Collected data START

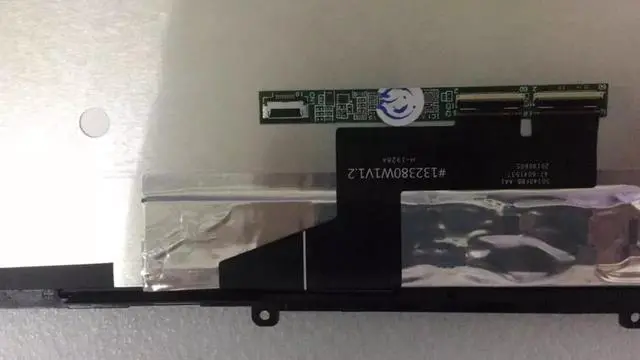 Alt view image 2 of 3 - for Lenovo Yoga C740-14 C740-14IML 81TC 81TC000JUS 81TC000NUS 81TC000PUS 14.0 inches FullHD 1920x1080 IPS LCD Panel Touch Screen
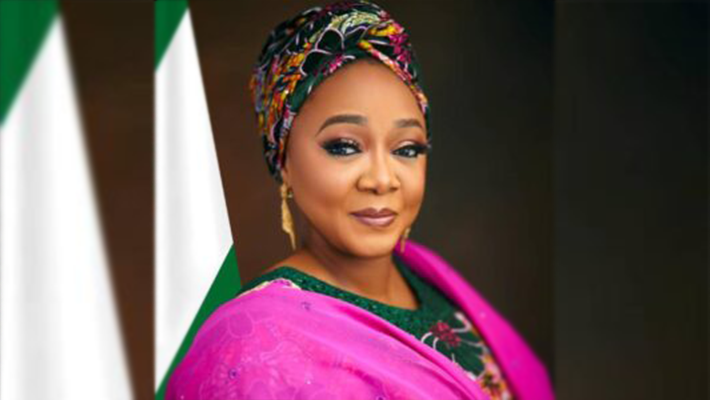 Minister of Women Affairs, Imaan Sulaiman-Ibrahim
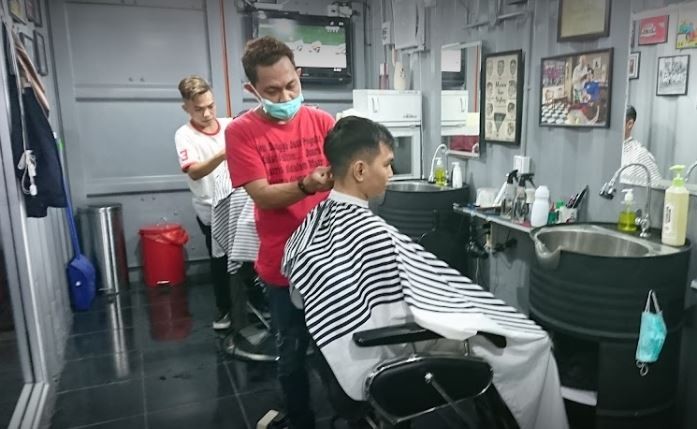 Kumpulan Barbershop Terdekat di Balikpapan yang Murah dan Strategis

Collected data END

* _What you have to do_:
The material above is to be repeated word for word, with no images kept.

* _Solution for this exercise_:
 Alt view image 2 of 3 - for Lenovo Yoga C740-14 C740-14IML 81TC 81TC000JUS 81TC000NUS 81TC000PUS 14.0 inches FullHD 1920x1080 IPS LCD Panel Touch Screen
 Minister of Women Affairs, Imaan Sulaiman-Ibrahim
 Kumpulan Barbershop Terdekat di Balikpapan yang Murah dan Strategis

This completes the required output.